[Exercise prompt]
Below are records with pictures; copy word for word only the lines between the line with "Brass Stud Earring Findings KK-T016-03G-1" and the line with "Gregory and students", inclusive, and drop the pictures.

[Information given]
^^^^^^^^
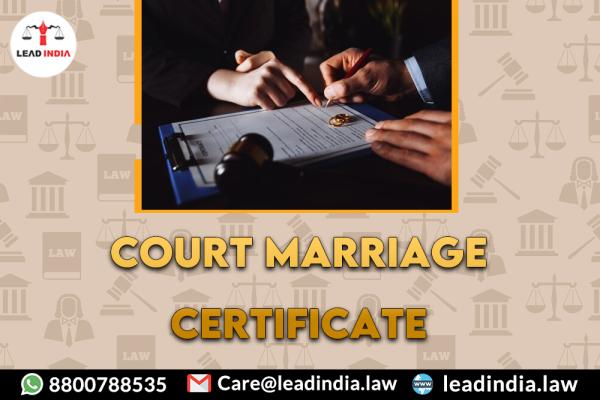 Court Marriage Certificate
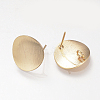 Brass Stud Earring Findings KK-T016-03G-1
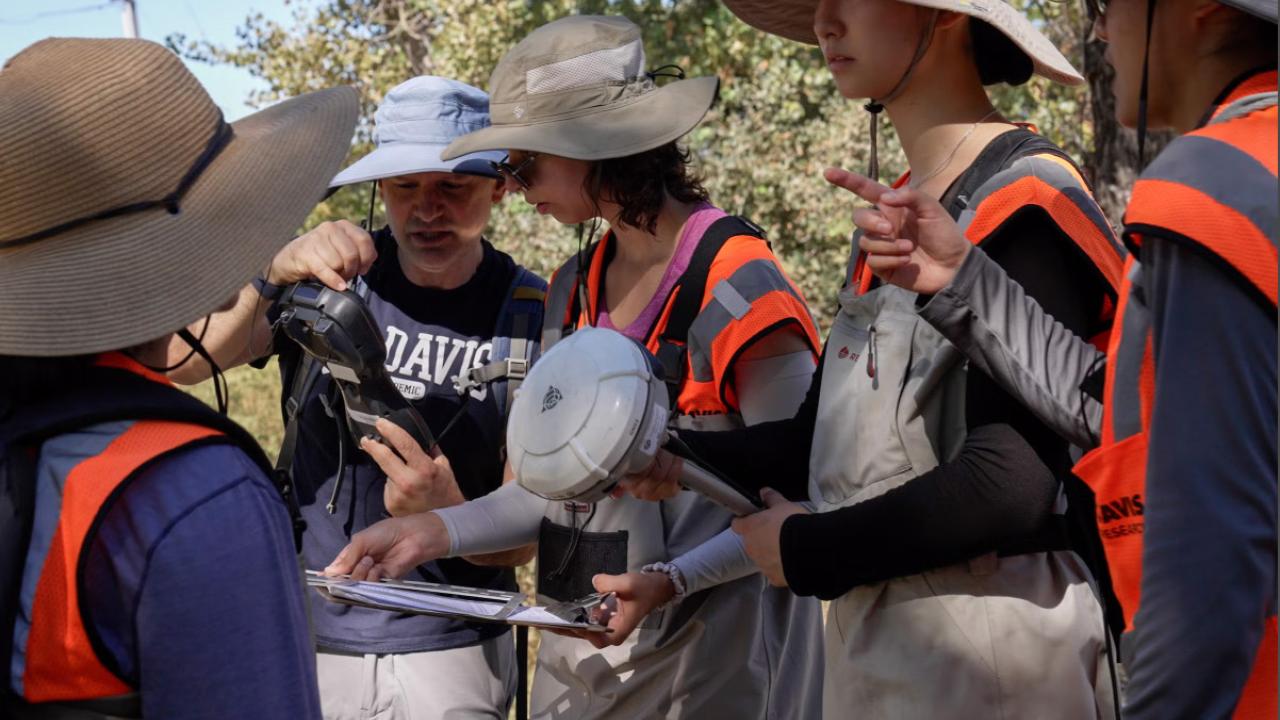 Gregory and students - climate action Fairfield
^^^^^^^^
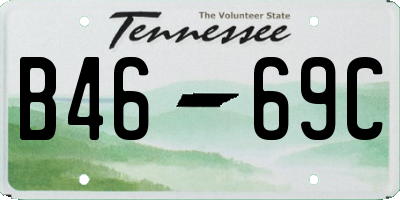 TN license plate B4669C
^^^^^^^^
[Solved exercise]
 Brass Stud Earring Findings KK-T016-03G-1
 Gregory and students - climate action Fairfield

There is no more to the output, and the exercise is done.